WHAT IS NEEDED:
Under this line is a listing; return exactly the lines starting at the one with "Mid-Century Inspired Serene" and running down to the one with "Remy Brazilian Hair", and leave out its pictures.

DATA IN THIS EXERCISE:
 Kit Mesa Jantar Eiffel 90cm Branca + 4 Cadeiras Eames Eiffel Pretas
...
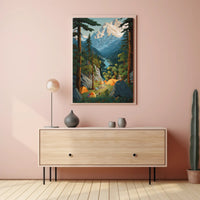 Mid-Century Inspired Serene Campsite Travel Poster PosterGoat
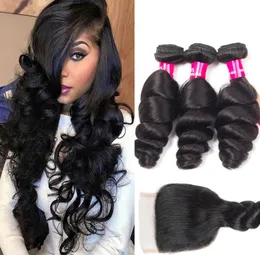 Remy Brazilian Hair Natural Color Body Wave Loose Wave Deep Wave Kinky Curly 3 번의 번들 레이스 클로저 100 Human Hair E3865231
==
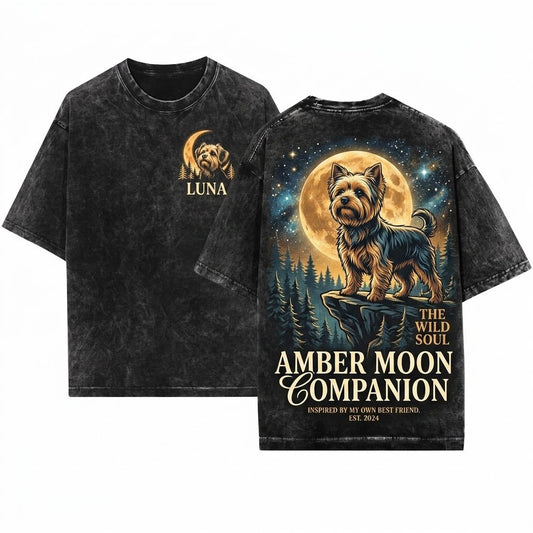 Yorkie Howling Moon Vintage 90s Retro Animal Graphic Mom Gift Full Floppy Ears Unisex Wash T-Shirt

TASK OUTPUT:
 Mid-Century Inspired Serene Campsite Travel Poster PosterGoat
 Remy Brazilian Hair Natural Color Body Wave Loose Wave Deep Wave Kinky Curly 3 번의 번들 레이스 클로저 100 Human Hair E3865231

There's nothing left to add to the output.